Fascism is *by definition* the merging of business and government, most
often accompanied by rabid nationalism and sometimes overt racism.
But not always, which might make modern fascism difficult to recognize
because we always assume holocaust-type ethnic cleansing comes with it. It
doesn't. Italy followed Germany's Wannsee Conference directives (because it
was under political pressure to do so) but not to the letter. For some of
the war Mussolini allowed the north west of the country to become a kind of
protectorate for Jews who had fled other parts of the state. The ax fell on
them only after Italy fell, when the allies invaded the south and Germany
took the north to meet them.
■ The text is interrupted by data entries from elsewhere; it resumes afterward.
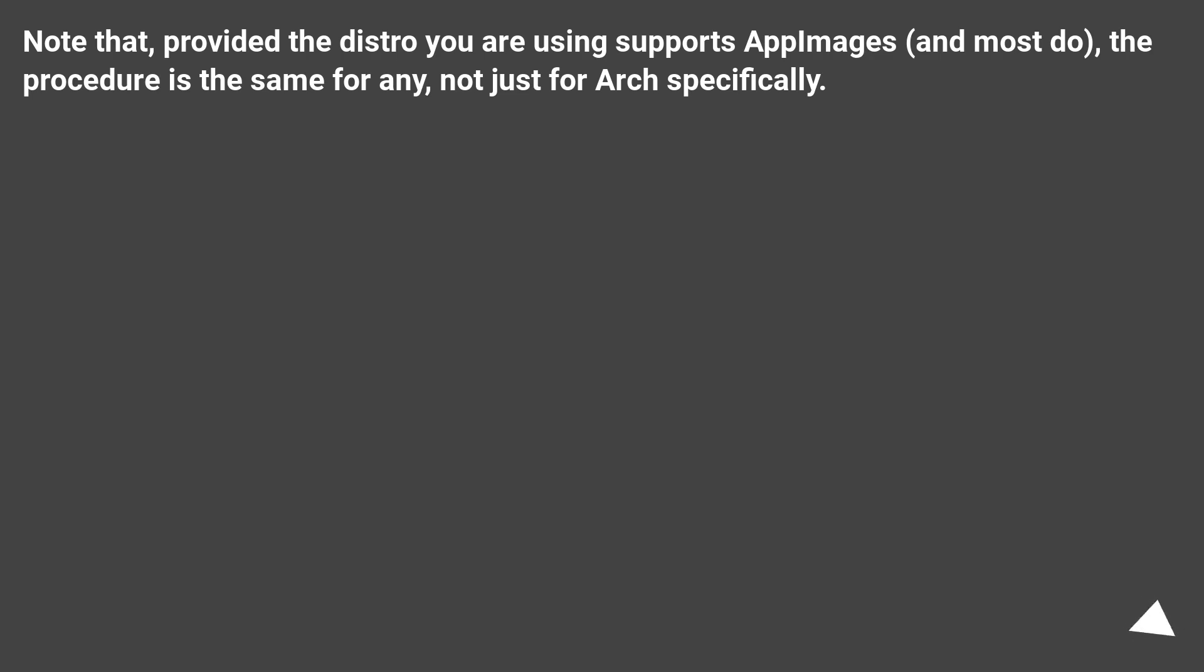Note that, provided the distro you are using supports AppImages, and most do, the procedure is the same for any, not just for Arch specifically.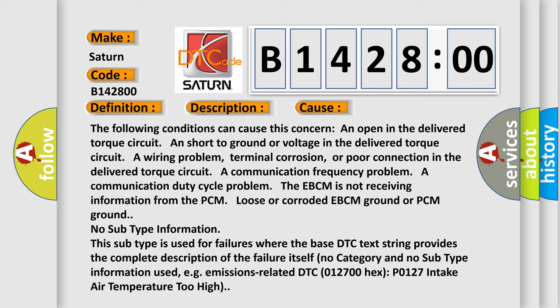A wiring problem, terminal corrosion, or poor connection in the delivered torque circuit. A communication frequency problem, a communication duty cycle problem. The EBCM is not receiving information from the PCM. Loose or corroded EBCM ground or PCM ground.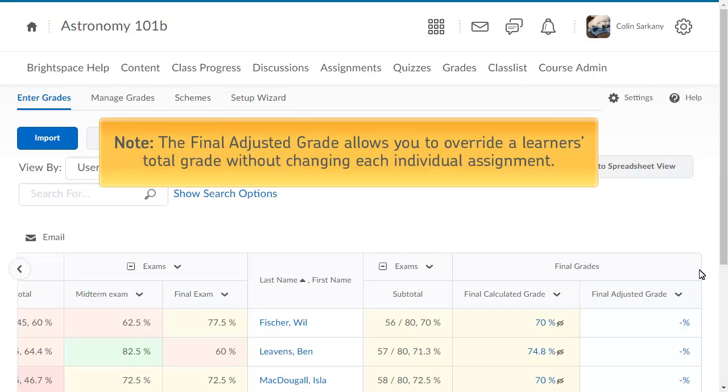The Final Adjusted Grade allows you to override a learner's total grade without changing each individual assignment.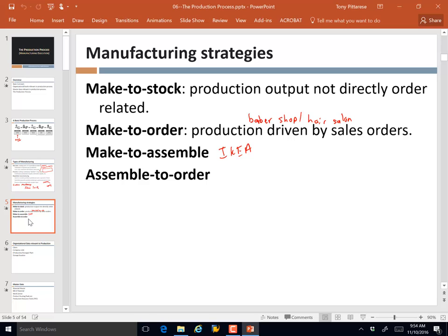The same company could engage in different strategies as it relates to different products. Red Lobster may cook your entree to order, but things like salad and rolls are made in large batches on a continuous basis. So you can certainly put together a hybrid strategy that makes the most sense in terms of your organization.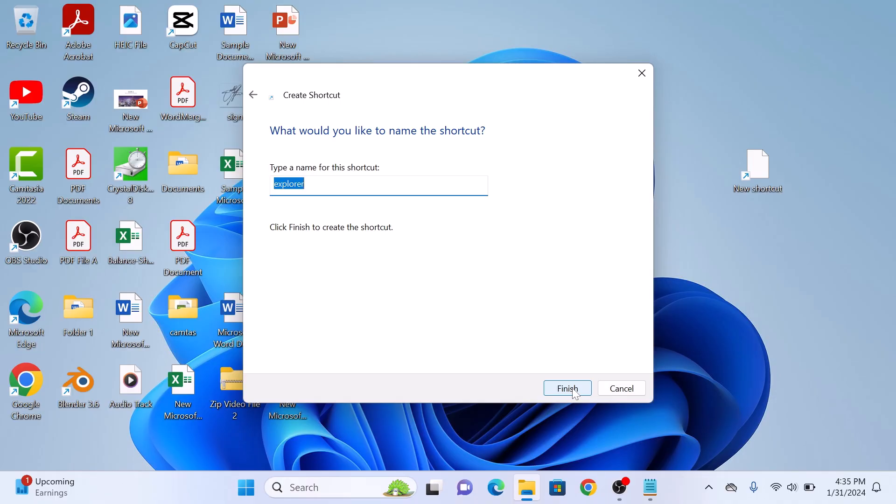Now enter the name for this shortcut. It's This PC. Now click on the Finish button.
I got this story from John Keegan's The Second
World War, which is an excellent book by the way.
Spike wrote:
>In any case it would be far preferable to government takeover of
corporations.<
Is there a difference? When governments and corporations merge, does it
matter who made the first move? Given the checkered history of IBM, Ford,
Chase Manhattan, etc, not to mention the America First Committee and the
role of prominent industrialists like Ford in trying to keep the U.S. out of
World War II for business reasons, perhaps it should be illegal. Currently
we try to prevent the merging of the two with market regulation and not
through legislation, which doesn't seem to be working all that well. The
repeal of Glass-Steagall and the housing market crash is a good example of
that failure.
Don't mean to sound testy, or confrontational, Spike. I have a bit of a bee
in my bonnet about what seems to be a widespread misunderstanding of exactly
what fascism is and how easily it could happen again. The U.S. congress has
a fasces engraved on a wall somewhere inside, by the way. Don't know its
history, or what genius decided it was a good idea, but it has always made
me wonder.
darren
I
On Sat, Feb 12, 2011 at 12:48 PM, Damien Broderick <thespike at satx.rr.com>wrote:
> On 2/12/2011 9:46 AM, spike wrote:
>
> Our constitution is set up to maintain separation of church and state.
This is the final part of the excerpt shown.